**TASK STATEMENT:** Transcribe each record below character for character.

**GIVEN RECORDS:**
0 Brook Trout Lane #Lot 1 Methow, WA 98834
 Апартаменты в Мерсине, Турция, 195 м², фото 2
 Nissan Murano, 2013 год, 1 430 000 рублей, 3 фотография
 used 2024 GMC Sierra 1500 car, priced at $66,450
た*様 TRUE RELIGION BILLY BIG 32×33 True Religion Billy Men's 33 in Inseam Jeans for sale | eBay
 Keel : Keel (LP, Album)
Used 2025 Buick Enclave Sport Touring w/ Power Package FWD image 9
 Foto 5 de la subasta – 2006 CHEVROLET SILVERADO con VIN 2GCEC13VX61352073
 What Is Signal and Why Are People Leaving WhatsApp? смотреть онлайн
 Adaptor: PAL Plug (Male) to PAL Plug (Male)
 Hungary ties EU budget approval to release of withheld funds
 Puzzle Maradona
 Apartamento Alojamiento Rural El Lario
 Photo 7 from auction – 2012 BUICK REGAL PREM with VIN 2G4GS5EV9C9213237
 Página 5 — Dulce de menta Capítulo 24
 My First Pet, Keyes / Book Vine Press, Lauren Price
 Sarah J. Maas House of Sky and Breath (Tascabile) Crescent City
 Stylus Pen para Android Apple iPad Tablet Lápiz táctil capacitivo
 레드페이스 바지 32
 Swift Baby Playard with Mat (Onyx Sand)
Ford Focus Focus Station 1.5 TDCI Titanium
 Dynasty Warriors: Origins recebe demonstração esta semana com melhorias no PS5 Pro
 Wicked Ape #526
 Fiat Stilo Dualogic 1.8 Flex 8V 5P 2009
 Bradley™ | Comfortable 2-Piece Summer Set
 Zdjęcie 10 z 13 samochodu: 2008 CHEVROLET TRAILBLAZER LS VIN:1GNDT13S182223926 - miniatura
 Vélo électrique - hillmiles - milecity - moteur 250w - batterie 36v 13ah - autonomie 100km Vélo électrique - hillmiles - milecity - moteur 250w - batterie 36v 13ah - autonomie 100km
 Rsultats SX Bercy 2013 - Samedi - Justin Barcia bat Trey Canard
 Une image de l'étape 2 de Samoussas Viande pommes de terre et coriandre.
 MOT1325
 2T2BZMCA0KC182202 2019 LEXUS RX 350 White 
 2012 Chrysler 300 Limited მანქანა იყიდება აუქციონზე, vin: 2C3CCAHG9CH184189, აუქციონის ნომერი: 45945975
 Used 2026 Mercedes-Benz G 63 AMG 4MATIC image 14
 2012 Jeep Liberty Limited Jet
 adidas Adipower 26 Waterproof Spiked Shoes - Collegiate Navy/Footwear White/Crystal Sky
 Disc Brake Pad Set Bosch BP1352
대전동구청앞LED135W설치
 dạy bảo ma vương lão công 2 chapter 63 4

**COMPLETED TASK:**
0 Brook Trout Lane #Lot 1 Methow, WA 98834
 Апартаменты в Мерсине, Турция, 195 м², фото 2
 Nissan Murano, 2013 год, 1 430 000 рублей, 3 фотография
 used 2024 GMC Sierra 1500 car, priced at $66,450
た*様 TRUE RELIGION BILLY BIG 32×33 True Religion Billy Men's 33 in Inseam Jeans for sale | eBay
 Keel : Keel (LP, Album)
Used 2025 Buick Enclave Sport Touring w/ Power Package FWD image 9
 Foto 5 de la subasta – 2006 CHEVROLET SILVERADO con VIN 2GCEC13VX61352073
 What Is Signal and Why Are People Leaving WhatsApp? смотреть онлайн
 Adaptor: PAL Plug (Male) to PAL Plug (Male)
 Hungary ties EU budget approval to release of withheld funds
 Puzzle Maradona
 Apartamento Alojamiento Rural El Lario
 Photo 7 from auction – 2012 BUICK REGAL PREM with VIN 2G4GS5EV9C9213237
 Página 5 — Dulce de menta Capítulo 24
 My First Pet, Keyes / Book Vine Press, Lauren Price
 Sarah J. Maas House of Sky and Breath (Tascabile) Crescent City
 Stylus Pen para Android Apple iPad Tablet Lápiz táctil capacitivo
 레드페이스 바지 32
 Swift Baby Playard with Mat (Onyx Sand)
Ford Focus Focus Station 1.5 TDCI Titanium
 Dynasty Warriors: Origins recebe demonstração esta semana com melhorias no PS5 Pro
 Wicked Ape #526
 Fiat Stilo Dualogic 1.8 Flex 8V 5P 2009
 Bradley™ | Comfortable 2-Piece Summer Set
 Zdjęcie 10 z 13 samochodu: 2008 CHEVROLET TRAILBLAZER LS VIN:1GNDT13S182223926 - miniatura
 Vélo électrique - hillmiles - milecity - moteur 250w - batterie 36v 13ah - autonomie 100km Vélo électrique - hillmiles - milecity - moteur 250w - batterie 36v 13ah - autonomie 100km
 Rsultats SX Bercy 2013 - Samedi - Justin Barcia bat Trey Canard
 Une image de l'étape 2 de Samoussas Viande pommes de terre et coriandre.
 MOT1325
 2T2BZMCA0KC182202 2019 LEXUS RX 350 White 
 2012 Chrysler 300 Limited მანქანა იყიდება აუქციონზე, vin: 2C3CCAHG9CH184189, აუქციონის ნომერი: 45945975
 Used 2026 Mercedes-Benz G 63 AMG 4MATIC image 14
 2012 Jeep Liberty Limited Jet
 adidas Adipower 26 Waterproof Spiked Shoes - Collegiate Navy/Footwear White/Crystal Sky
 Disc Brake Pad Set Bosch BP1352
대전동구청앞LED135W설치
 dạy bảo ma vương lão công 2 chapter 63 4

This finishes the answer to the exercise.